Across the country baptism is on the agenda and different initiatives are rising to the surface. When baptism isn’t as common as it used to be, the question of communication emerges. How do you communicate baptism in the general public in order to highlight the importance of baptism?

Nordic Experiences

If you want to look for inventiveness, there are many good ideas if you cross the borders. The other Nordic countries are working on the same challenges regarding baptism. The Lutheran church in the Northern countries are currently discussing the common challenges in a series of webinars under the title Baptism in times of change. The collaborative project is a way in which the churches can inspire each other, share knowledge and experiences and together create new possible solutions. 

The 10th of May is the date for the next webinar, and the topic is communication, the promotion of baptism and how baptism is being portrayed in the media. The webinar includes presentations from Sweden, Iceland and Norway demonstrating new ways of talking about baptism. 

In the Diocese of Lund in Sweden the church has worked intensively with the topic of baptism for the past ten years. The diocese has created church activities specifically for children and families. Lena Andersson and Marcel Salinder will elaborate upon it in the webinar: ”In our contribution the starting point is the experiences and lessons learned from ten years of intensive work about baptism in the diocese of Lund. We are going to present a communicative perspective regarding the individual and the congregation.”

The Lutheran Church in Iceland has a special approach to baptism- an idea of baptism forests. Halldor Reynisson, project manager in the Icelandic church, will speak about ”Baptism forests”, where families and members of the congregation plant a tree for each child or adult getting baptised in the church. Each tree represents the individual person. It is connected with the on-going reforestation in Iceland, and in a Christian and Lutheran context it also has important symbolic significance.

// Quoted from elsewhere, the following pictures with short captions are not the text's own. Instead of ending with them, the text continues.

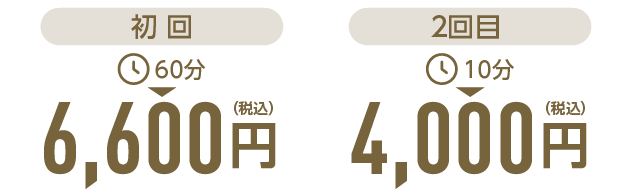 施術料金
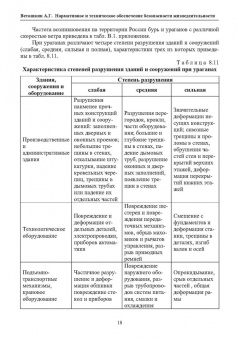 Александр Ветошкин: Нормативное и техническое обеспечение безопасности жизнедеятельности. Комплект в 2-х частях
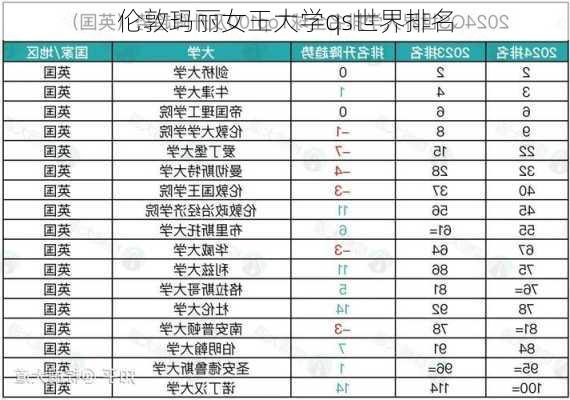 伦敦玛丽女王大学qs世界排名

In the Lutheran church in Norway baptism has likewise been an important issue in recent years. Ingeborg Dybvig, communications manager in the Norwegian church council, says that many new baptism initiatives have been developed. Examples include drop in baptism and cinema advertising. Dybvig will explain this at the webinar: “Among other things we have tried to get to know more about potential parents, what they want and what prevents them from choosing baptism. We have done this in order to be able to tailor campaigns in a much higher degree than earlier. More and more congregations are offering drop-in baptisms and a number of different campaigns have been run on a national and local level. One town has concentrated on cinema advertising, which increased the number of inquiries in parish offices. Several videos have been produced that feature parents explaining why they choose to have their children baptised, even though some of them were sceptical in the beginning. In addition to campaigns aimed at the general public we also worked internally to find out how we can improve the preparation of baptismal services. In the presentation I will give examples and elaborate!” says Ingeborg Dybvig. 

A contemporary theology 

The last webinar in this spring season takes place on the 20th of May. This webinar will be about theology and how baptism can be expressed in a contemporary theology. Is salvation and absolution, which we connect with baptism, something that resonates with modern people? And how can we talk about baptism in a ecumenical context? These are the themes for the webinar on the 20th of May, which will include presentations from the Swedish professor Anna Karin Hammer, the Norwegian professor Harald Hegstad, the Finnish professor Pekka Metso and the Danish professor Niels Henrik Gregersen, who has just published the theological work: “Ind i fællesskabet: En samtidsteologi om gudsriget og det evige liv" - Into the community: a contemporary theology about the Kingdom of God and the eternal life.